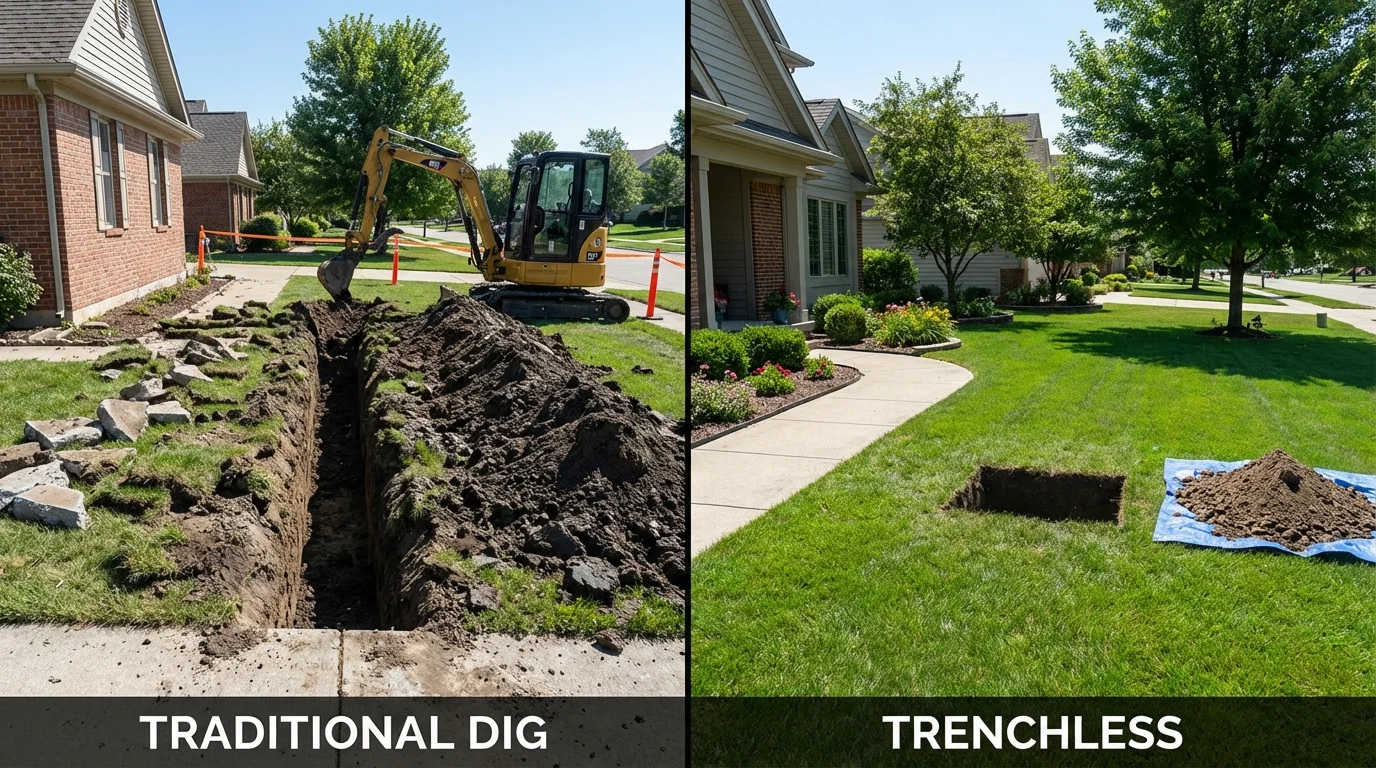 Trenchless sewer repair with minimal yard damage versus traditional excavation in Virginia, IL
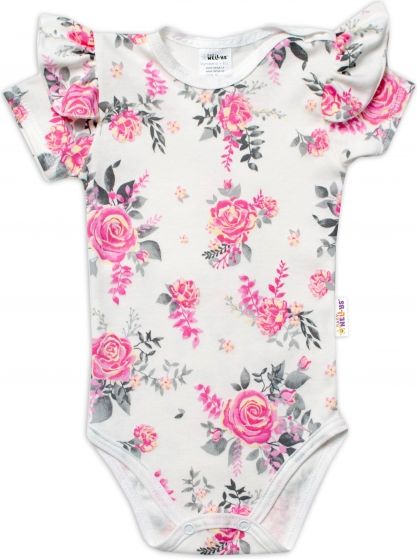Baby Nellys Baby Nellys 2-dílná sada, body s kr.rukávem a tepláčky New Roses - smetanová, vel. 74 74 (6-9m) - obrázek 2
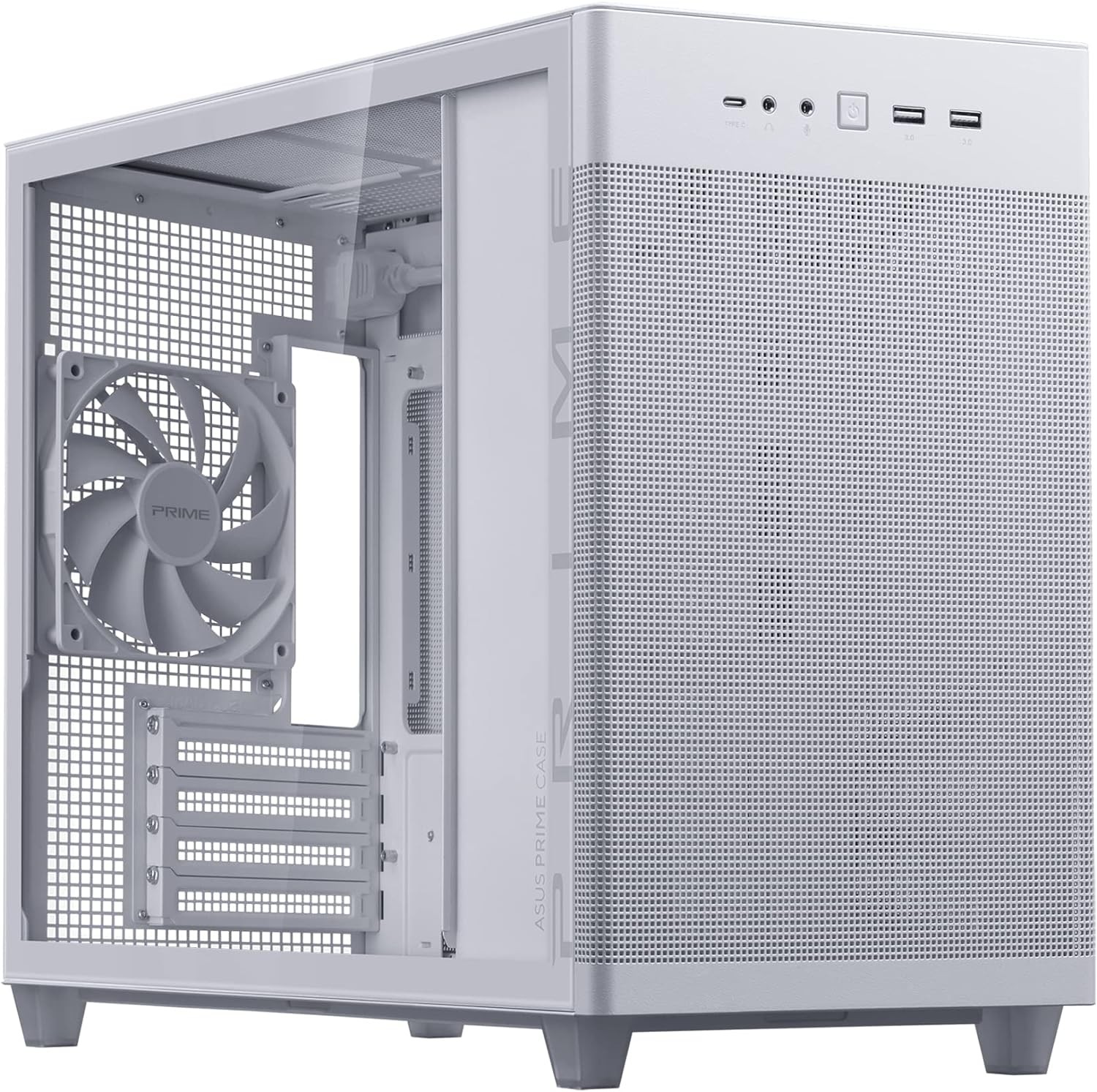 Prime AP201 White Micro ATX PC Case SFF Ready Compact Design Pre-Installed Fan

◆ Work instruction ◆
Leave the pictures out and output the rest of the data word for word.

◆ Expected output ◆
 Trenchless sewer repair with minimal yard damage versus traditional excavation in Virginia, IL
Baby Nellys Baby Nellys 2-dílná sada, body s kr.rukávem a tepláčky New Roses - smetanová, vel. 74 74 (6-9m) - obrázek 2
 Prime AP201 White Micro ATX PC Case SFF Ready Compact Design Pre-Installed Fan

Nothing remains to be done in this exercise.